歯のすり減りを咬耗といいます。咬耗(こうもう)の程度には個人差があります。70歳をすぎても咬耗の少ない方もいれば、それほど高齢でないのに歯がかなりすりへって表面がツルツルしている方もいらっしゃいます。歯ぎしりをする癖のある方や、硬いものを好んで食べる方、力仕事やスポーツを行う際の歯の食いしばり、かみあわせに問題がある方、日中無意識に食いしばっている癖がある方は歯がすりへる進行が速いとされています。










加齢による歯のすりへりは微々たるものなので、多くの場合問題となりません。

歯がすりへりすぎた場合、どのような問題が起こりやすくなるのでしょうか?



①歯の破折がおこりやすくなる

②詰め物がとれやすくなる

③歯と歯の間にスキマができてくる

④歯がしみる

歯の表面を覆うエナメル質がなくなりその下の象牙質が露出すると知覚過敏の症状が出やすくなります。痛みが強く神経まで炎症が起こってしまった場合は神経の治療が必要となる可能性もあります。

⑤噛んだ時に痛む

⑥顔つきの変化

歯が擦り減って噛み合わせが低くなると、口角が下がり、口元のしわ増えてしまうことがあります。

⑦うまくかみきれない

咬耗がすすんでいる方はフラットな咬合面になっています。フラットな歯同士が噛むことでかむ能力が落ちます。

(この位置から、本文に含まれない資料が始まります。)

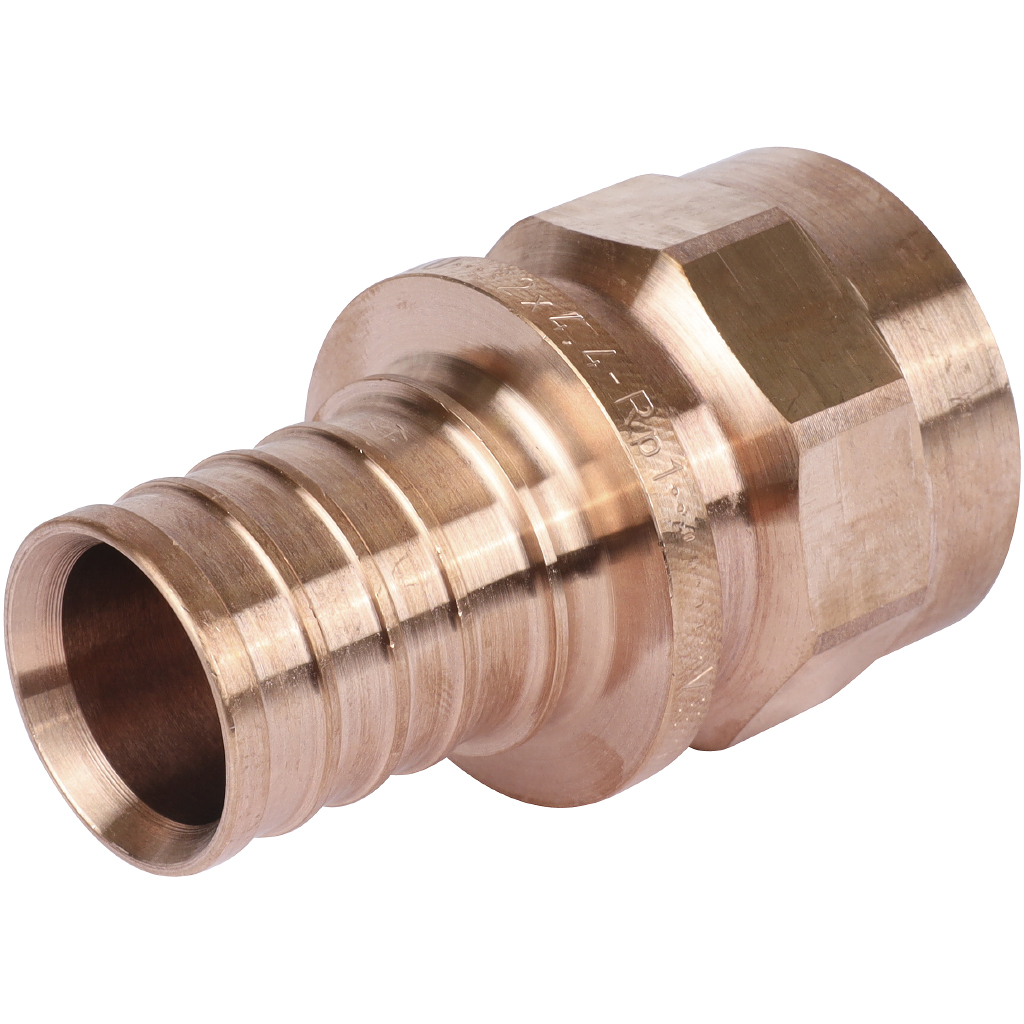 Переходник РЕХАУ RAUTITAN с внутренней резьбой 32-Rр 1 RX+ для труб из сшитого полиэтилена аксиальный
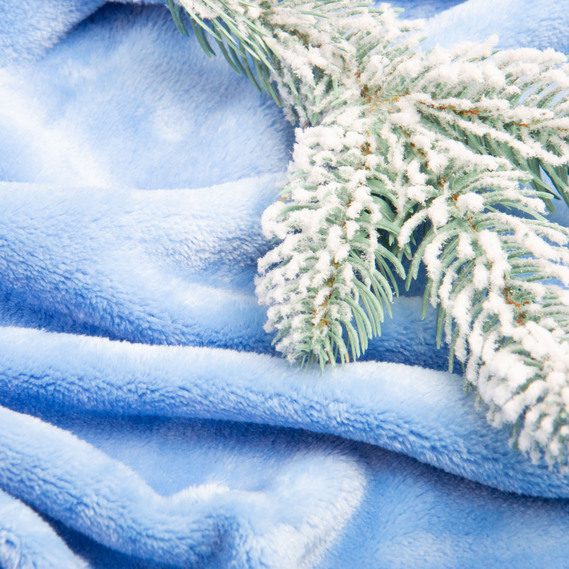 Тканина махрове полотно Велсофт, м`яка тканина для пледів, халатів, піжам, покривал. блакитне, фото 4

また、噛み方が一定でなくなります。

⑧咬耗により歯がとがって歯ぐきや頬の粘膜を傷つける

⑨かぶせ物や入れ歯を入れるスペースがなくなる

⑩アゴの調子が悪くなる・アゴがカクカクしたりする

これらのことが気になって来院される方もいらっしゃいますが、ほとんどの方が自覚症状がありません。気づいた頃には咬耗がかなり進行している場合もあります。

治療方法は進行の程度や症状によって違います。

咬耗の原因が歯ぎしりと考えられる方には、ナイトガードとよばれるマウスピース様のものを夜寝る時にお口に入れていただき歯ぎしりから歯を守ったり、さらに歯がすり減ってしまうことを防止します。



症状によって詰め物やかぶせ物の治療を行います。かぶせ物を作る場合、そのままの噛み合わせで治療するか、すり減ってしまった分だけ噛み合わせを上げるかの診断が必要となります。場合によっては全体的に歯を治療しなければいけないこともあります。

咬耗のように年齢とともに歯やまわりの組織が変化していくことはだれでも起こることですが、「問題が起こる前に予防する」ことはとても大事です。日頃の生活習慣を見直す必要があるかもしれません。

ぜひ定期的に歯科を受診していただき、お口の変化に気づき、寄り添いながらお口の健康を維持していきましょう。